**Assignment**
Scan the records below for the line containing "Banknot Kolekcjonerski „Bronisław" and the line containing "Condenser AC Unit". Copy both, plus every line between, exactly.

**Supplied information**

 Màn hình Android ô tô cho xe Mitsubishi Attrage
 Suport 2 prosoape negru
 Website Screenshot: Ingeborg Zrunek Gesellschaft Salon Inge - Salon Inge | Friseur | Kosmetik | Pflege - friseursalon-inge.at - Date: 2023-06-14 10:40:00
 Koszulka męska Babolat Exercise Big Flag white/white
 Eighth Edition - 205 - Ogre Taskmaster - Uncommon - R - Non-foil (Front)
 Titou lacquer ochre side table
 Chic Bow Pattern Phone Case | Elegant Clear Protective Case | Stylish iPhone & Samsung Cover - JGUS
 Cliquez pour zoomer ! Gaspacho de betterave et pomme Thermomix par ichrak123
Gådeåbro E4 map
...
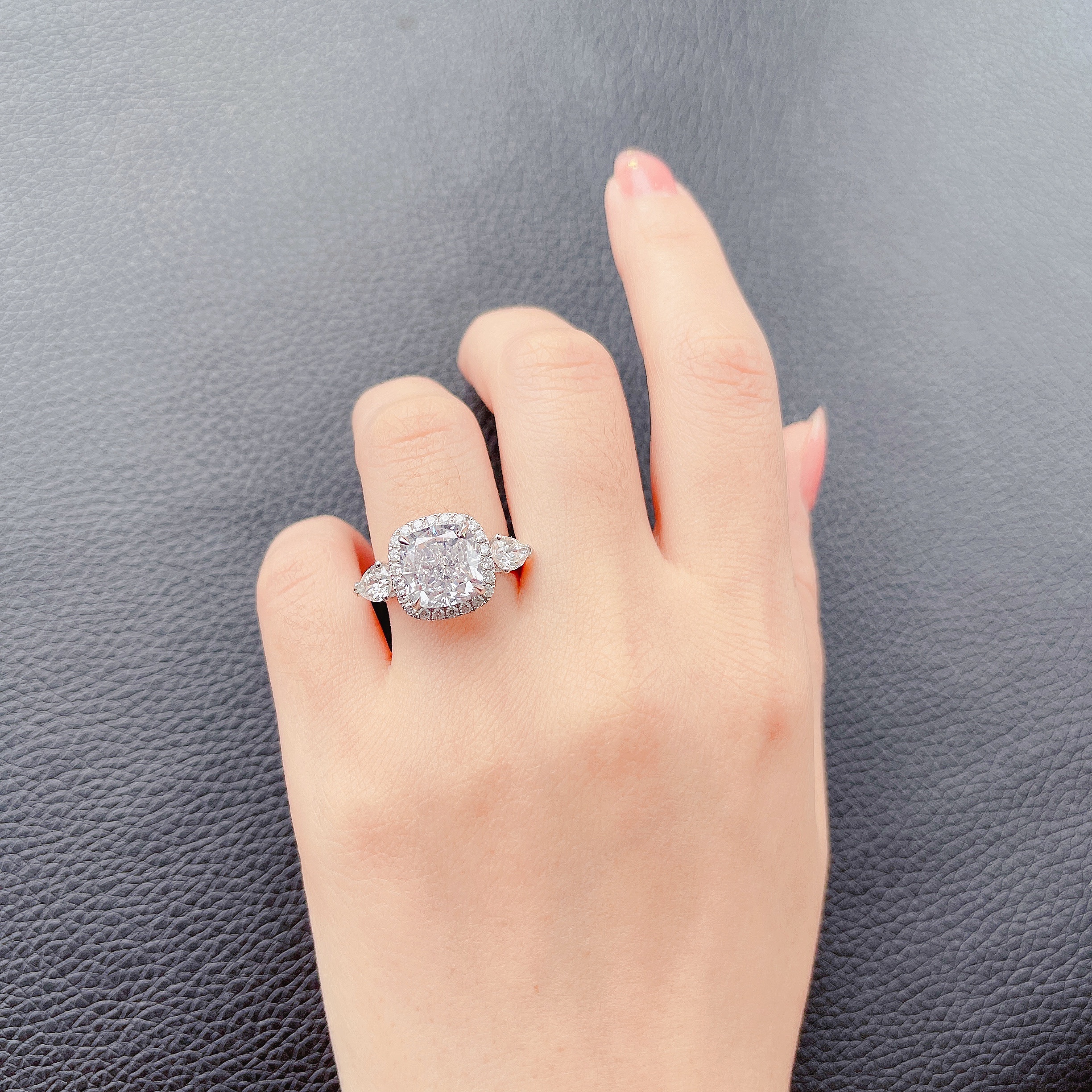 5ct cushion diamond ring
--
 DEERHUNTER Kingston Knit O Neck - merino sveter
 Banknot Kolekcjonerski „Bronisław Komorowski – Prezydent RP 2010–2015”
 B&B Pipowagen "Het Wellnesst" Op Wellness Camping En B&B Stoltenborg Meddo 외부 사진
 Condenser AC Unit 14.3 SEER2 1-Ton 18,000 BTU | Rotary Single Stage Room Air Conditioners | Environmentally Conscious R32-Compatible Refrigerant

**Answer space**
 Banknot Kolekcjonerski „Bronisław Komorowski – Prezydent RP 2010–2015”
 B&B Pipowagen "Het Wellnesst" Op Wellness Camping En B&B Stoltenborg Meddo 외부 사진
 Condenser AC Unit 14.3 SEER2 1-Ton 18,000 BTU | Rotary Single Stage Room Air Conditioners | Environmentally Conscious R32-Compatible Refrigerant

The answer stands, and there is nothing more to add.